[[ RECORDS open ]]

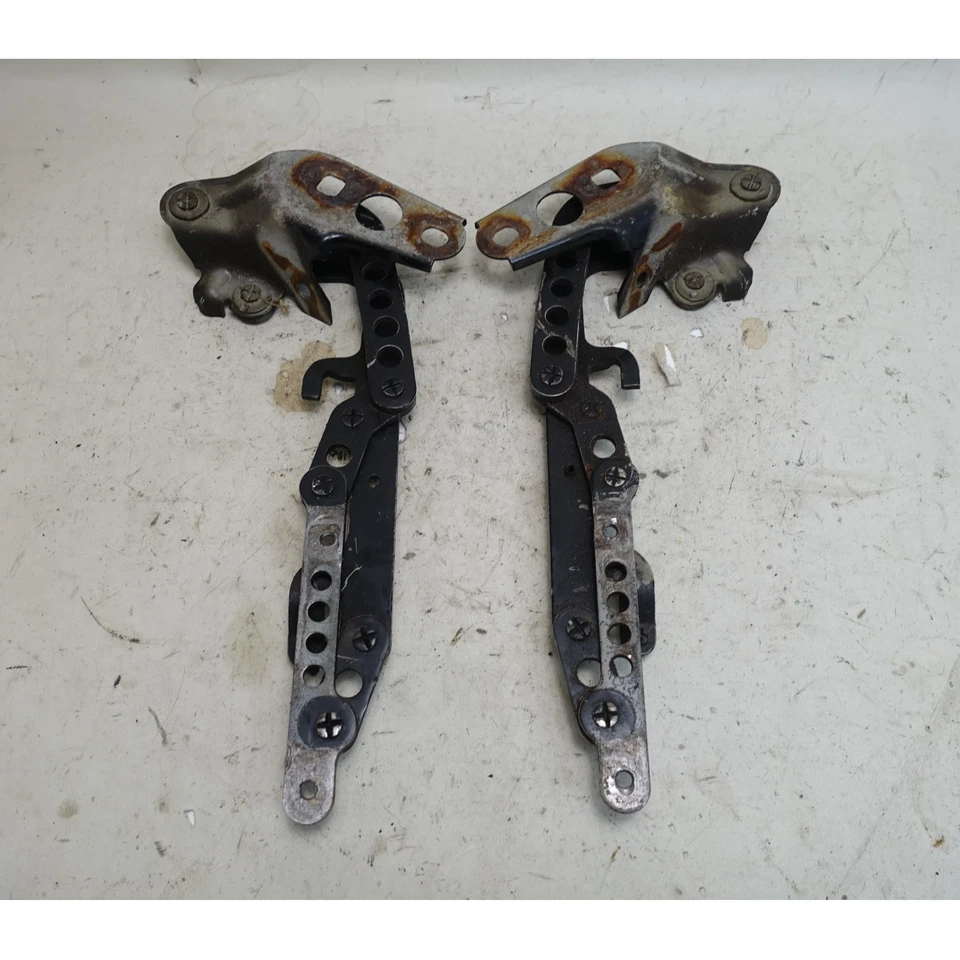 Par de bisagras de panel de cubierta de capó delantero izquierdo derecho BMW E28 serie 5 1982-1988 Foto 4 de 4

[[ RECORDS closed ]]
[[ RECORDS open ]]

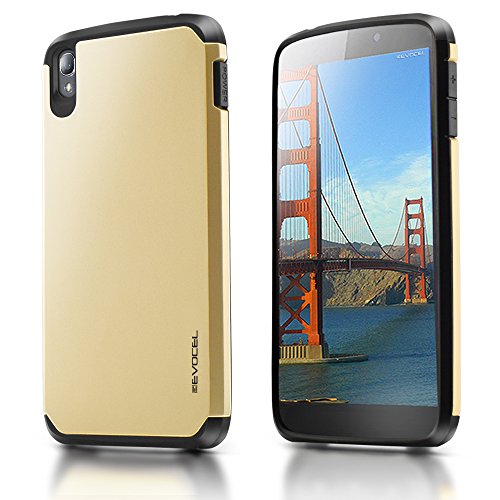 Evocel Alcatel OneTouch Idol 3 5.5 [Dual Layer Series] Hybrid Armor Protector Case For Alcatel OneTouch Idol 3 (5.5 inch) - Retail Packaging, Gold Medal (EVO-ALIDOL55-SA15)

[[ RECORDS closed ]]
[[ RECORDS open ]]

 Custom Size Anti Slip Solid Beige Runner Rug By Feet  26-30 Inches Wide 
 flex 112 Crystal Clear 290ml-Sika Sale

[[ RECORDS closed ]]

WORK INSTRUCTIONS: Each line above from the one with "Custom Size Anti" up to and including the one with "flex 112 Crystal Clear 290ml-Sika Sale" must be set down exactly, and no line outside that span may appear.

TASK RESULT:
 Custom Size Anti Slip Solid Beige Runner Rug By Feet  26-30 Inches Wide 
 flex 112 Crystal Clear 290ml-Sika Sale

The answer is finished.